We find this motto throughout the ancient world, in the clash of kingdoms and cultures. We find it in the Old Testament, in which the Jews are repeatedly identified as God's Chosen People. We find it in the migration of tribes in the breakup of the Roman Empire, in the proto-nations of the medieval era, in the formation of the nation states, and in their conflict with one another. It meant something to be Celtic, to be Welsh, Scottish, Saxon, Basque -- not just a political identity, but a people of shared blood. We find race triumphant in colonial expansion. Tired of warfare against powerful adversaries next door, European nations found weak adversaries and easy conquests overseas. In the 19th Century, the "race is destiny" worldview became the dominant social system throughout the American South. In the 20th Century, under Nazism, it captured an entire nation and destroyed a continent in five years.
And yet there has been a counter-current through much of world history. The New Testament introduced a new community based on a faith that transcended tribe and ethnicity. The Enlightenment looked back to classical principles and forward to an ideal state. The Protestant Reformation empowered the common man against spiritual and political domination. Abolitionists risked life and limb insisting that freedom was the divine right of every human being. Gandhi and Martin Luther King enfranchised millions of the poor and outcast, giving them political rights as full citizens of a democratic state.
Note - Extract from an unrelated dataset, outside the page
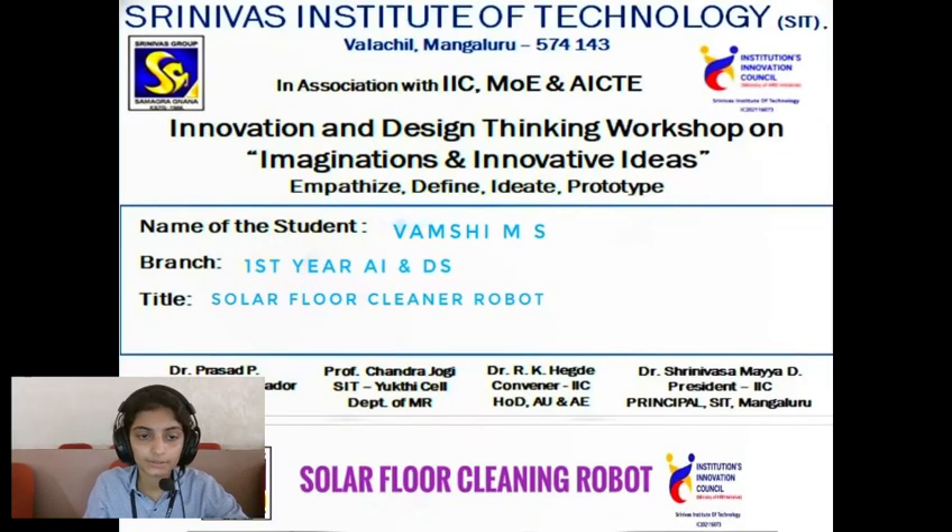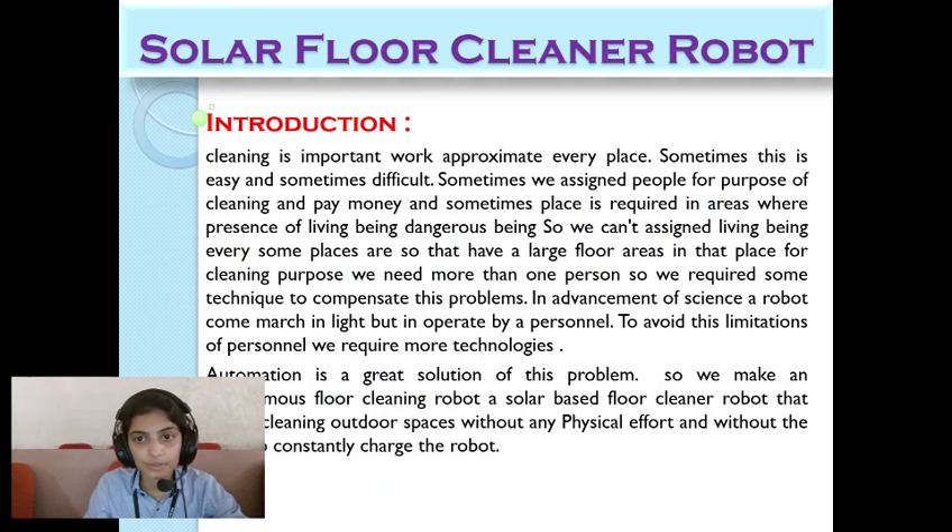Today's topic is the solar floor cleaner robot. Cleaning is important work required at every place. Sometimes it is easy and sometimes difficult. Sometimes we assign people for the purpose of cleaning and pay money. Sometimes the place requires cleaning in areas where the presence of living beings is dangerous, so we can't send living beings. Some places also have large floor areas where we need more than one person for cleaning.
And what have we learned from all this? That "Race is Destiny" is alive and well and thriving in American government and universities. Welcome to the 21st century, where race-based admissions, scholarships, jobs, and voting patterns have made a comeback. Welcome to the hyphenated self-identification, where anyone who is non-white or of mixed background fills out his employment application with xxxx-American. For xxxx, substitute Native, African, Hispanic, Irish, Italian, Asian, or something more exotic. The xxxx distinguishes you from the common herd. What? -- no claimed ethnic heritage? Well, it sucks to be you. You do not qualify for "inclusive" college admissions. And welcome to government-sponsored race-based education: in my city, there is a full pre-Kindergarten through highschool "African-centered" school with a curriculum based on "ancient Egyptian Virtues."
Yes, the wave of the future is a backwash from the past. What is your essence, your value, your uniqueness? -- it is your skin color and your pre-Columbian tribal values! Let's ditch the corrupt "Eurocentric" heritage of democracy, reason, freedom of speech and religion. And most of all: we must utterly deny and reject the idea that man is the "imago dei" -- we can be sure THAT concept will never be taught in a public elementary school or college. That idea would be declared unconstitutional in race-based 21st Century America.